If we have no property rights, then we have no rights.
Now, John Locke isn’t a common theme in the history of rock and roll. And private property has had a mixed history in popular music; it’s been a metaphor for rites of passage (Jan and Dean’s “409”), or the high life (“Baubles, Bangles and Beads” by everyone from Eartha Kitt to Frank Sinatra) and a yardstick for swagger (“Beamer, Benz or Bentley” by gangster-rapper Lloyd Banks), but also for evil (“I’d Love To Change The World” by Ten Years’ After’s called us to “Tax the rich, feed the poor, ’til there ain’t no rich no more”).
And you can look in vain for references to Locke or Payne or Franklin – in Springsteen’s catalog, and can find plenty on his later albums and his real life as re politics that contradicts them all.
But this series isn’t about proving Springsteen is, personally, a conservative (faith-based blogger Dog Gone’s endless repetitions notwithstanding); it’s about explaining why his music resonates with conservatives.
In Springsteen’s catalog, there are plenty of characters that suffer for lack of any property – choices, good or bad or neutral leaving them on the outside looking in, like the guy in “Darkness on the Edge of Town” noting his former girl “has a house up on Fairview, and a style she’s trying to maintain”.
But as to the value of having private property, and its measure as a symbol of freedom?
There are plenty of little, almost drive-by, examples.

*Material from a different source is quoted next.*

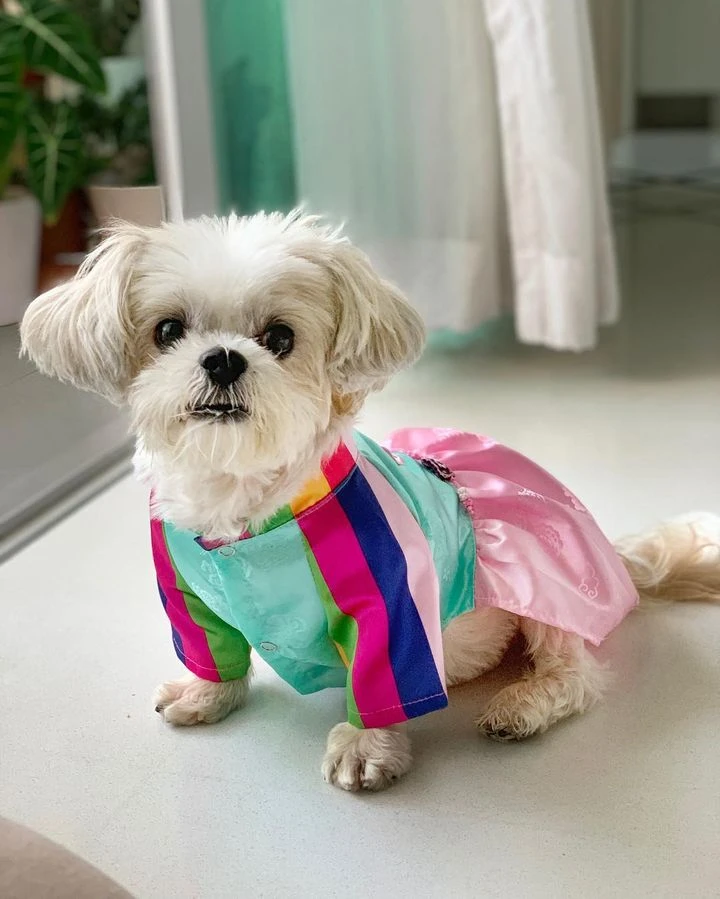 わたなべ かずきがアップロードした画像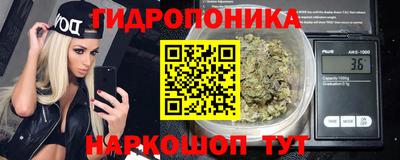 прущие крисы Мариинск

The “’69 Chevy” in “Racing In The Streets” – and even moreso “The Challenger”, from the long-unreleased “The Promise” – certainly were private property that symbolized freedom and ones’ hopes and aspirations (and, of course, the difficulty of keeping either; the Chevy drives the singer and his girlfriend apart; having to sell off the Challenger is a key moment in “the Promise” going unfulfilled).
And the young buck in “Badlands” notes that property is a goal, an obstacle and a mirage (“Poor man wanna be rich, rich man wanna be king, and the king ain’t satisfied until he rules everything”) and beyond all that a yardstick (“I’m gonna go out tonight, I’m gonna find out what I’ve got”).
Property and freedom are closely linked – and in more than just philosophical or economic terms. Morally, they’re linked, too; both are immense responsibilities; both can be incredible burdens.
For my money? The best song to illustrate this is the one that started this whole series, last November on “The Current’s” pre-election special on songs that symbolize America’s current state; “This Hard Land”.
It’s a land where freedom, and property, are no guarantee…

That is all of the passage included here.